L’obiettivo di Tempi di Recupero
“Oggi, troppo spesso scartiamo cose che, attraverso vecchi e nuovi saperi, possono essere preziose per il nostro gusto e anche per il nostro portafoglio. Il risultato è una varietà più ampia di ingredienti e quindi maggiori occasioni di mescolare e incrociare sapori e creare nuove possibilità per il palato”. L’obiettivo di Tempi di Recupero è proprio quello di sensibilizzare verso i temi dello spreco in ambito alimentare e di come, anche attraverso delle buone pratiche domestiche, il cibo possa venire riciclato, riusato e non gettato.
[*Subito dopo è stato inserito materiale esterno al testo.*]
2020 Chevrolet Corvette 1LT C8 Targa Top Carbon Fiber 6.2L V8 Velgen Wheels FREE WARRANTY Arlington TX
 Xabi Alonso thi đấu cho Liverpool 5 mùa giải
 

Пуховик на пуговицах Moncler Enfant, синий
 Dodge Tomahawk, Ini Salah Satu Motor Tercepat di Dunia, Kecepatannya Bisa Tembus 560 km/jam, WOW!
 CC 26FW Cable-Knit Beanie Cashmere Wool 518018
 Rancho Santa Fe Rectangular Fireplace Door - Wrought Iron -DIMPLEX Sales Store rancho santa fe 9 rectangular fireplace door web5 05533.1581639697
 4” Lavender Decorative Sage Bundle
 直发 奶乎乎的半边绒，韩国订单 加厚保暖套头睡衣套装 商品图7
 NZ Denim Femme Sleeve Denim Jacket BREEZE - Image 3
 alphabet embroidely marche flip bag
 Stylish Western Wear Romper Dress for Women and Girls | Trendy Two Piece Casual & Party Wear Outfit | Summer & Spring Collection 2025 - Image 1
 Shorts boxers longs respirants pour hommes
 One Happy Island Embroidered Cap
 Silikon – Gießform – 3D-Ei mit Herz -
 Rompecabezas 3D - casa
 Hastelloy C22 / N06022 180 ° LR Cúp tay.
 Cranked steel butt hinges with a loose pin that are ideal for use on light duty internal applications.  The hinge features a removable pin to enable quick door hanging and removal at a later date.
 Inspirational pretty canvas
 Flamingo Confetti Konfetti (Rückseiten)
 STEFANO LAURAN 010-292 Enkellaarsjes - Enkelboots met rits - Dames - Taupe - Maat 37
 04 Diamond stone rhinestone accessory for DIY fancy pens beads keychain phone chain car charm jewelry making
Le altre iniziative contro lo spreco alimentare
Questa rinnovata sensibilità ha visto protagonisti anche nomi assai noti della cucina come per esempio Massimo Bottura, ideatore del progetto Food for Soul, con iniziative concrete in tutto il mondo come ad esempio i Refettori, da quello Ambrosiano a Milano al Felix in Brasile, o alle più recenti esperienze a Parigi e a Napoli, dove la cucina del recupero si sposa perfettamente con la vocazione sociale. Ma c’è anche l’esperienza di Norbert Niederkofler con il progetto Care's o la nota Cucina circolare di Igles Corelli. Ad ogni modo, oggi, sono moltissimi gli chef sensibili a questa tematica.
Come si è sviluppato il progetto Tempi di Recupero
Dalle cene conviviali, nel tempo, il progetto si è sviluppato, è cresciuto e ha cambiato forma, diventando addirittura un libro, edito da Quinto Quarto Edizioni, “una nuova realtà editoriale con sede a Faenza”, che riassume l’esperienza di Tempi di Recupero raggruppando in un unico manuale le ricette degli chef intervenuti durante le varie cene all'Osteria della Sghisa, da Gianluca Gorini a Massimiliano Poggi, da Pier Giorgio Parini a Franco Cimini. Il libro, però, non è una semplice raccolta di ricette, include anche una serie di testi di approfondimento, con la complicità di Martina Liverani, Lisa Casali, Massimo Montanari, Franco Fassio e Laura Pozzato, e le fantastiche illustrazioni di Andrea Zoli.
Progetti futuri?
“Stiamo lavorando a Tempi di Recupero Week, si tratta di una settimana, dal 16 al 24 novembre dove chiediamo a tutti i ristoratori d'Italia e del mondo di cucinare secondo i nostri tre temi: gli avanzi dei piatti del giorno prima, il quinto quarto e i piatti della memoria. A chi vuol far parte della nostra squadra chiediamo una piccola quota che sarà in parte devoluta a due progetti: Food for Soul di Massimo Bottura e Lara Gilmore, e Food for Change, la campagna internazionale di Slow Food per proporre soluzioni che rafforzino economie locali pulite, filiere eque e tutelare le produzioni che fanno parte del nostro patrimonio. Ed è probabile che da questo progetto tireremo fuori un altro libro di ricette di recupero”. Coerentemente con il significato intrinseco del termine.